Vanderley de Brito
Historiador, arqueólogo, genealogista e atualmente é presidente do Instituto Histórico de Campina Grande (IHCG).
Uma excursão ao Morro da Catacumba
Publicado em 2 de novembro de 2022No bairro da Lagoa, um dos de maior valorização imobiliária do Rio de Janeiro, se encontra o Parque da Catacumba, que no passado foi a chácara da Baronesa Rodrigues de Freitas, e, depois de sua morte, a posse da Chácara das Catacumbas foi dividida em lotes para seus escravos, nascendo ali uma favela às margens da Lagoa Rodrigues de Freitas, na Zona Sul do Rio, que cresceu bastante a partir dos anos 40.
Formada por barracos, em agosto de 1967 um grande incêndio atingiu a Favela da Catacumba, provocando pânico e desabrigando centenas de pessoas. Vulnerável à incêndios, em fins de 1968 mais uma vez a favela pegou fogo, deixando cerca de cem desabrigados e, devido ao risco constante de incêndios e de desmoronamento de terras por fortes chuvas, em meados de 1969 a Catacumba passou a fazer parte de um “plano de desfavelização” do então governador do Estado da Guanabara, Carlos Lacerda. Mais de seis mil pessoas moravam na Catacumba e todas as famílias foram removidas para os conjuntos habitacionais da Cidade de Deus, Vila Aliança e Nova Holanda, que se tornaram novas favelas com o passar do tempo.

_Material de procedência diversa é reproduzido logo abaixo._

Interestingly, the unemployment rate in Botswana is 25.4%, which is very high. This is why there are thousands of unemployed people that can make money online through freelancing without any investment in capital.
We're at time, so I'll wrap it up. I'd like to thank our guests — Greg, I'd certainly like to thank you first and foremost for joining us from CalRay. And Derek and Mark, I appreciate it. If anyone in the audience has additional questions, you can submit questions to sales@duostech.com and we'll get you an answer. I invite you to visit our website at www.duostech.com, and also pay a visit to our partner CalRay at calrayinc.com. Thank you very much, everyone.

Depois de desapropriado, o Morro da Catacumba foi reflorestado, passou por um trabalho de paisagismo e a área foi transformada em parque municipal urbano, o Parque da Catacumba, que foi inaugurado em 1979 como área de preservação ecológica e voltada à difusão cultural. Nos anos 80 fui muitas vezes aos shows de música que se realizavam na base desta elevação nas tardes de domingo.
No ano de 1985, lendo uma revista Planeta, comecei a aguçar meu interesse por arqueologia e neste ano realizei minhas primeiras excursões arqueológicas amadoras, a primeira delas foi à Pedra da Gávea, onde fui ver supostas inscrições fenícias gravadas na fronte da cabeça do imperador, uma formação rochosa no topo deste morro de configuração corpórea que parece o esboço da cabeça de um homem barbudo, e a segunda foi dirigida ao Morro da Catacumba, pois ouvi dizer que este nome macabro se devia ao fato de haver catacumbas indígenas neste morro.

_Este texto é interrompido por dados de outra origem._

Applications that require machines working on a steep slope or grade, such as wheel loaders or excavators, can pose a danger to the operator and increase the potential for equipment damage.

Na época eu tinha 19 anos, muita curiosidade e nenhuma prudência. Convidei meu irmão mais velho pra ir comigo, me muni com um bornal, cantil, facão e, claro, uma câmera fotográfica Kodak (analógica) para registrar a expedição. Embora sob um calor de 40º C, a humidade da floresta e a sombra ajudavam bastante e, devido os arvoredos elevados, é bem mais fácil subir uma serra na Mata Atlântica do que na Caatinga, o perigo maior são as folhagens no chão, que, além de escorregadias, podem esconder animais peçonhentos. Mas naquela época eu não pensava em nada disso, era imune aos temores e o sabor da aventura cobria todos os inconvenientes.
Com mais de uma hora de caminhada ascendente em meio à mata, chegamos ao cume do morro, mas, infelizmente, não encontramos no caminhar qualquer indício de sepulturas indígenas, somente, vez por outra, nos deparávamos com despachos de macumba recentes e vestígios da antiga favela, como chinelos velhos e molambos, para dizer o mínimo. Reconheço de bom grado que não éramos experimentados em prospecção arqueológica, este trabalho requer ser sóbrio e paciente, atributos que não coadunam com a intensidade da juventude. De qualquer modo, a longa e penosa excursão não foi de todo desapontante, pois fomos agraciados com a belíssima vista panorâmica de toda a Lagoa Rodrigo de Freitas, o Morro Dois Irmãos, a Pedra da Gávea, as praias do Arpoador, Ipanema e Leblon, com seus horizontes longínquos e, lá no final,
em meio à vaporização, o magnífico Morro do Corcovado, que ostenta o Cristo Redentor de braços abertos. Um espetáculo sublime! Contraditoriamente, procurávamos indícios da morte e encontramos a magnitude da vida.